In this painting, Constantin Hansen has portrayed the older Alfred Hage with a certain lofty air about him – contrasting with its rather modest format. The additionally marked contrast between light and shadow lends the composition a solemn feel and amplifies the intensity in Hage’s determined look. As with other portraits from the artist’s late career, this head and shoulders portrait is marked by a stylised expression with a limited range of colours and simplification of form. The face is drawn with only a few contour lines and a simple, delimited form, while the general colour scheme only varies between very bright and dark shades. By the mid-19th century, Constantin Hansen distanced himself ever more from the Eckersberg School and its precise reproduction of reality, writing in his notebook that the task of the artist was not to create faithful reproductions of nature, but instead give a characteristic to the essential and omit the trivial. In his portrayal of the middle-aged Alfred Hage, Constantin Hansen highlights the authority that the man acquired through a long life.
About the artist:
Constantin Hansen received his initial training from his father, Heinrich Hansen, who was a portrait painter.
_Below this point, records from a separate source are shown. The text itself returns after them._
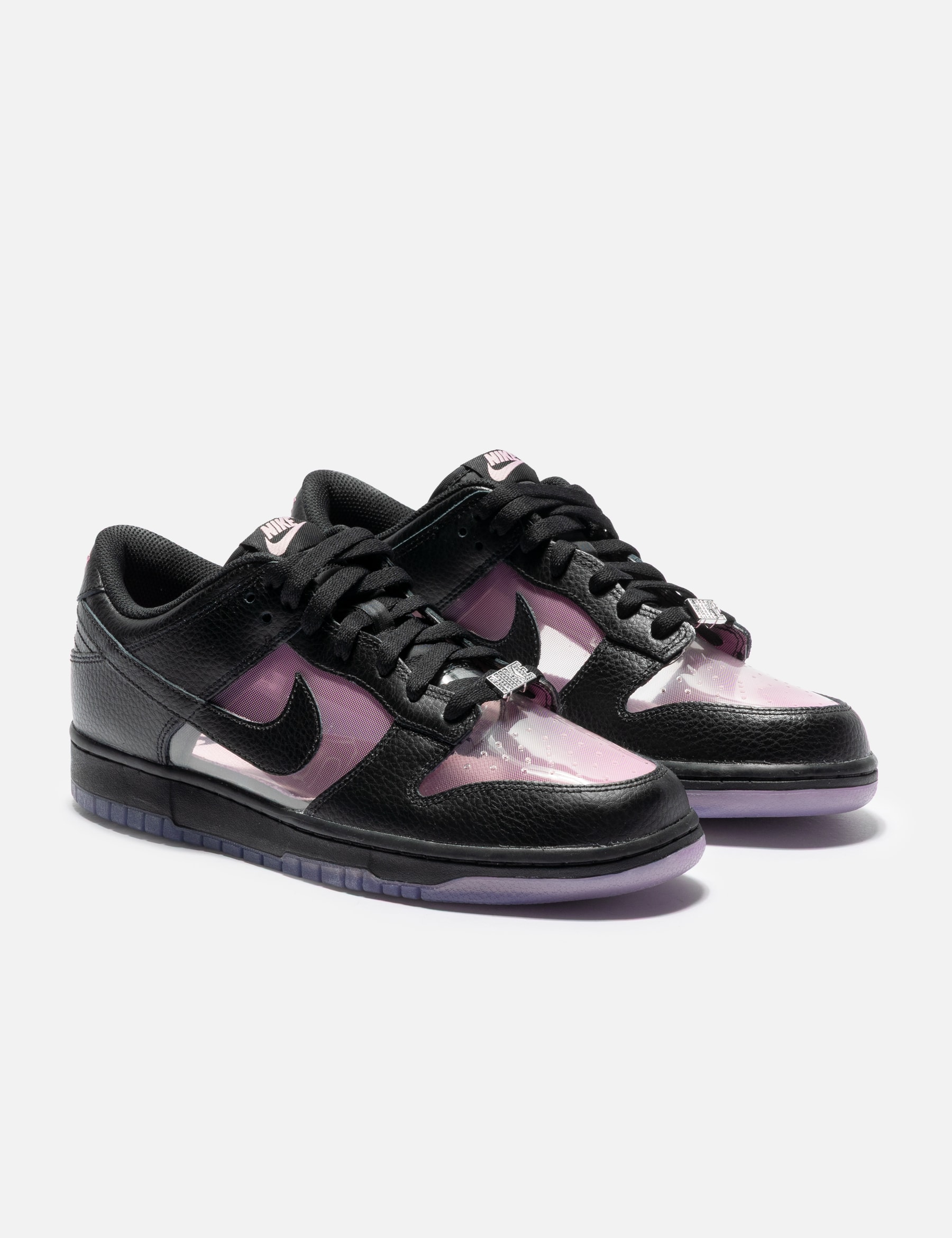 Dunk Low Retro view 16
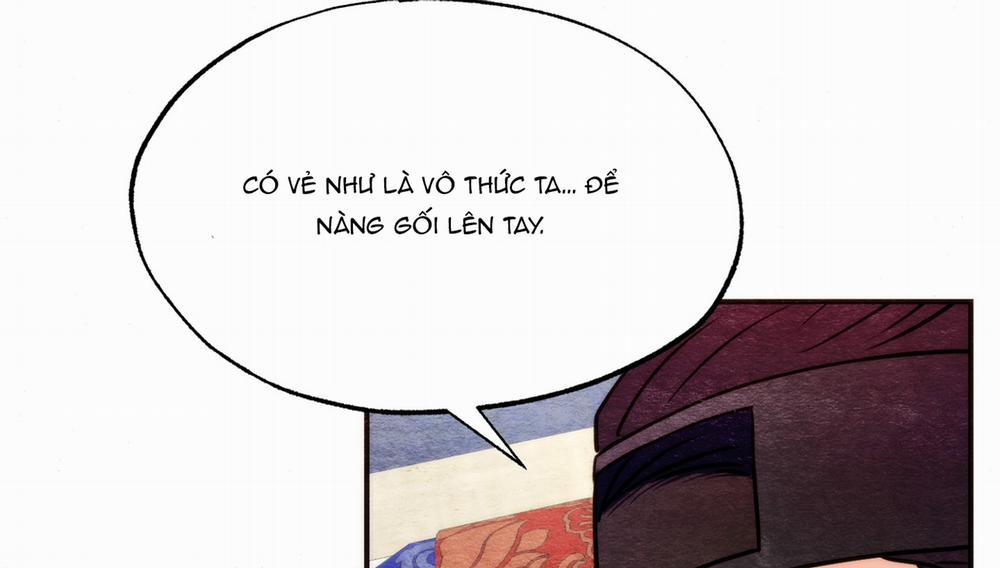 Cuồng Nhãn 86.2 trang 69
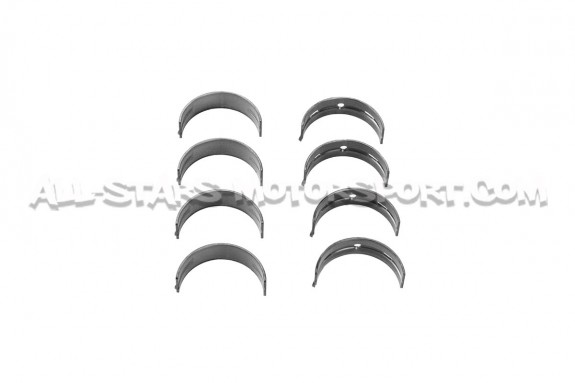 Cojinetes de ciguenal ACL Performance para Nissan 350Z VQ35DE
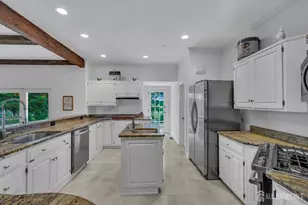156 Cranbury Neck Rd, Plainsboro Township, NJ 08512 - Photo 23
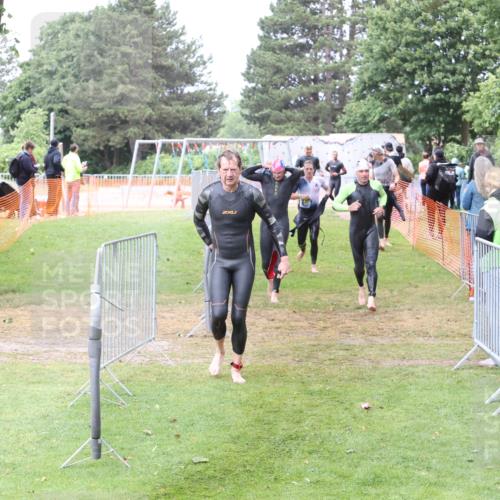 14.06.2026 - 7 Türme Triathlon Andreas Tolksdorf http://msf.ph/oto/9812462 14.06.2026 11:36:54 Schwimmen  meine-sportfotos.de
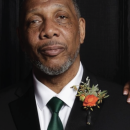 Image - Vincent O’Bannon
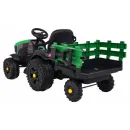 traktor-titanium-z-przyczepa-zielony-4.webp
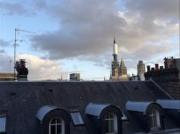 location appartement rouen 1 pièce 20 m2 seine maritime...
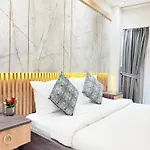 Blue Mansion & Flats Appartamento Provincia di Istanbul
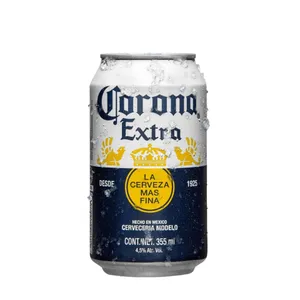 Corona Extra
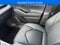 2023 Toyota Highlander Platinum Blue Certified AWD Near Milwaukee WI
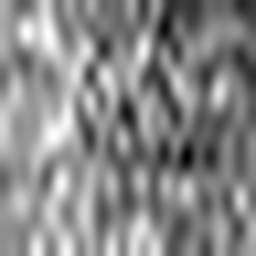 1859730547_1 @ 2.0017 µm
Later, he studied under C.W. Eckersberg and his paintings became more classical in composition with tight, symmetrical structuring. Constantin Hansen was an excellent colourist and in many of his sketches, he anticipated the colour handling and painterly technique of the Impressionists. In 1860-64, he carried out the huge painting The Danish Constitutional Assembly, which now hangs at Frederiksborg Museum. The painting was commissioned by Johannes Hage’s father, Alfred Hage, and hung in the dining room at the family’s home in Harsdorff’s Palace on Kongens Nytorv (no. 3, the white palace to the right of Charlottenborg).